The real problem is not the signedness of plain char, but the existence
of standard library functions which require a specific signedness to
work properly. The new functions templated by character type go a long
way toward eliminating that problem.
---
[ comp.std.c++ is moderated.  To submit articles, try just posting with ]
[ your news-reader.  If that fails, use mailto:std-c++@ncar.ucar.edu    ]
[              --- Please see the FAQ before posting. ---               ]
[ FAQ: http://reality.sgi.com/austern_mti/std-c++/faq.html              ]

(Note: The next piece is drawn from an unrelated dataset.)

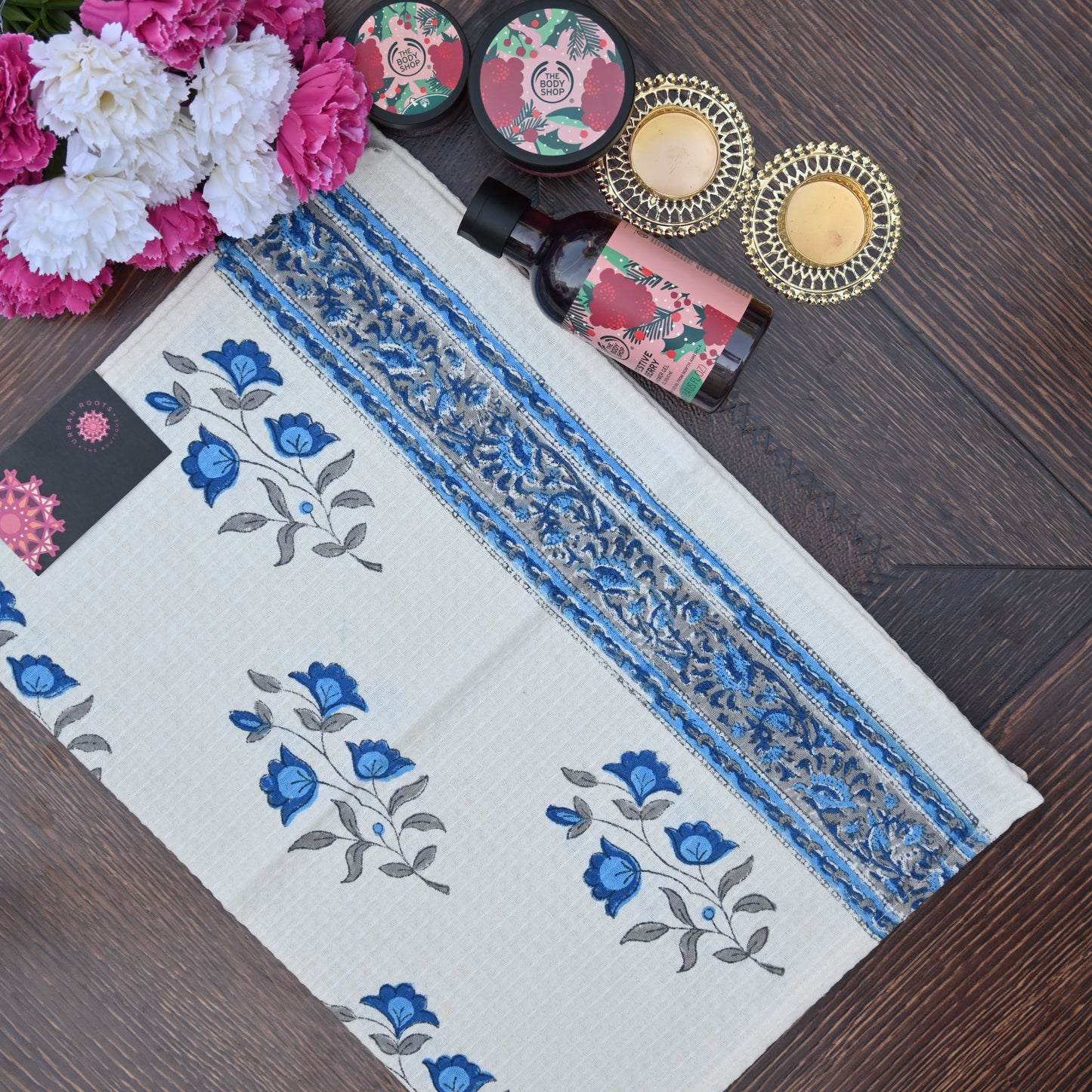 Hand Block Printed Waffle Towel Set (1+2) - Urban Roots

Author: James Kuyper <kuyper@wizard.net>
Date: 1998/03/07
Raw View
Jerry Coffin wrote:
>
> In article <888969589.372271@nn1>, lars.rosenberg@mbox302.swipnet.se
> says...
> > Does the standardisation for the string class tell if it shall convert
> > European characters from and to uppercase characters.
>
> If memory serves, the exact effect of a case conversion is locale
> dependent -- non-English characters aren't included in the default
> locale, so it's left up to the individual locales to implement the
> case conversion correctly.

The standard specifies very few details about the "C" locale, and
nothing at all about the default "" locale. In particular, it says
nothing to prohibit non-English characters. The LC_CTYPE "C" locale must
have the basic character set, but is not prohibited from containing
other characters as well.
---
[ comp.std.c++ is moderated.  To submit articles, try just posting with ]
[ your news-reader.  If that fails, use mailto:std-c++@ncar.ucar.edu    ]
[              --- Please see the FAQ before posting. ---               ]
[ FAQ: http://reality.sgi.com/austern_mti/std-c++/faq.html              ]

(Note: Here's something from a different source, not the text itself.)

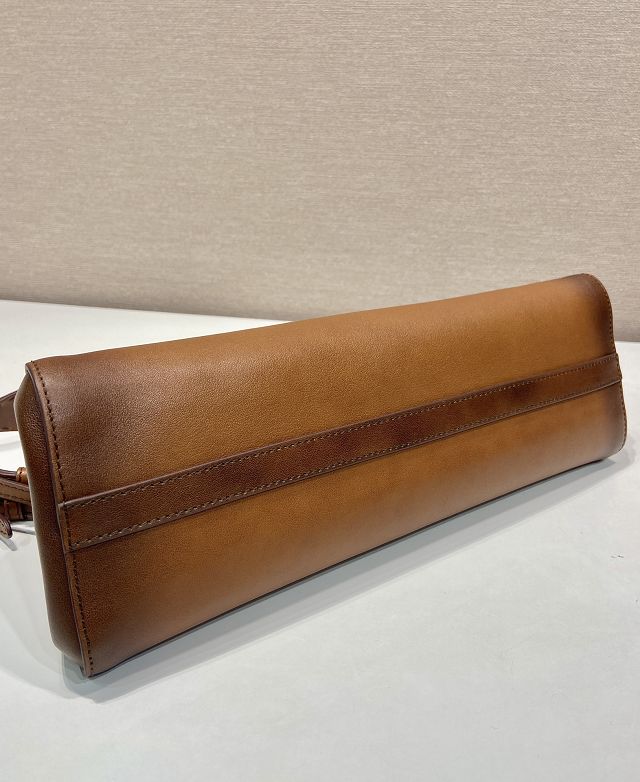 Prada original calfskin top handle bag 1BC262 brown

Author: Pete Becker <petebecker@acm.org>
Date: 1998/03/07
Raw View
Jerry Coffin wrote:
>
>
> As we speak, it's getting close to 8 years since the C standard was
> ratified, but the majority of C compilers seem to have limited (or
> nonexistent) support for any but one locale: the C locale that's been
> required since the beginning.  The problem here isn't the standard,
> it's the vendors...

Well, maybe. But remember that vendors respond to customers. So maybe
the problem is lack of demand.
 -- Pete
---
[ comp.std.c++ is moderated.  To submit articles, try just posting with ]
[ your news-reader.  If that fails, use mailto:std-c++@ncar.ucar.edu    ]
[              --- Please see the FAQ before posting. ---               ]
[ FAQ: http://reality.sgi.com/austern_mti/std-c++/faq.html              ]

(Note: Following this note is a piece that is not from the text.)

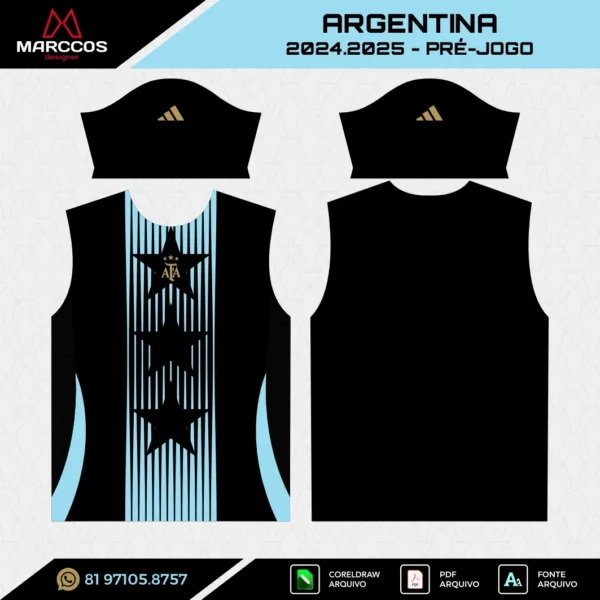 Arte Vetor Camisa Argentina Pré-Jogo 2024.2025 Arte Vetor Camisa Argentina Pré-Jogo 2024.2025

Author: jcoffin@taeus.com (Jerry Coffin)
Date: 1998/03/07
Raw View
In article <MPG.f67fc6bd93ba088989878@news.rmi.net>, jcoffin@taeus.com
says...

[ ... ]

> Basically put, the standard allows (but doesn't mandate) reasonable
> behavior, though there were a few stupid things they did that made
> life much more difficult for most Europeans, such as allowing char to
> be signed.

Sorry to follow up to my own post, but I should amend the statement
above a bit: calling this decision "stupid" is overly harsh, and
basically incorrect; requiring char to be unsigned would have made
some internationalization simpler, but would have caused other
problems, particularly breaking substantial amounts of existing code.
In the end, there was no easy way out, and the one they took was
reasonable, even though it'd be nice if the circumstances had been
enough different that they could have made a different decision.

--
    Later,
    Jerry.

The Universe is a figment of its own imagination.
---
[ comp.std.c++ is moderated.  To submit articles, try just posting with ]
[ your news-reader.  If that fails, use mailto:std-c++@ncar.ucar.edu    ]
[              --- Please see the FAQ before posting. ---               ]
[ FAQ: http://reality.sgi.com/austern_mti/std-c++/faq.html              ]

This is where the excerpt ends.